_Problem_:
Reproduce exactly the lines below from the one containing "smile__1 online show from 15, 1, 2026" through the one containing "#goldcoastcake #kaikaicakery #fastonecake", including both, and nothing else.

_Material to process_:
=== Begin Enclosure ===

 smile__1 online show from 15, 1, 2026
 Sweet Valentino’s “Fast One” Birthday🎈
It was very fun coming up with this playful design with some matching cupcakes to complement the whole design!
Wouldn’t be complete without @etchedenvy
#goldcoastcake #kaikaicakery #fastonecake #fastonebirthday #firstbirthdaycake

=== End Enclosure ===
=== Begin Enclosure ===

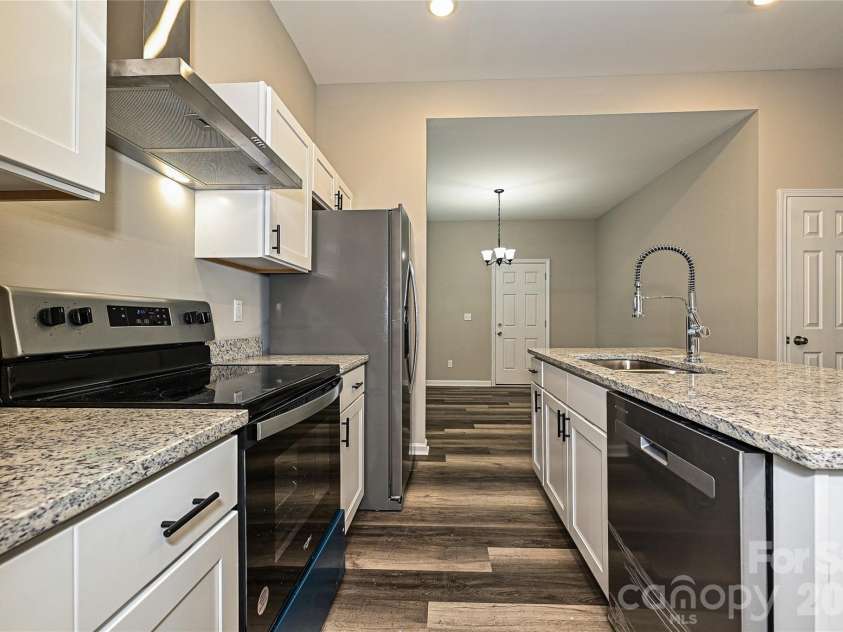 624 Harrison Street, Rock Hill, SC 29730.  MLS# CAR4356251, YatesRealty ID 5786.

=== End Enclosure ===

_Exercise output_:
 smile__1 online show from 15, 1, 2026
 Sweet Valentino’s “Fast One” Birthday🎈
It was very fun coming up with this playful design with some matching cupcakes to complement the whole design!
Wouldn’t be complete without @etchedenvy
#goldcoastcake #kaikaicakery #fastonecake #fastonebirthday #firstbirthdaycake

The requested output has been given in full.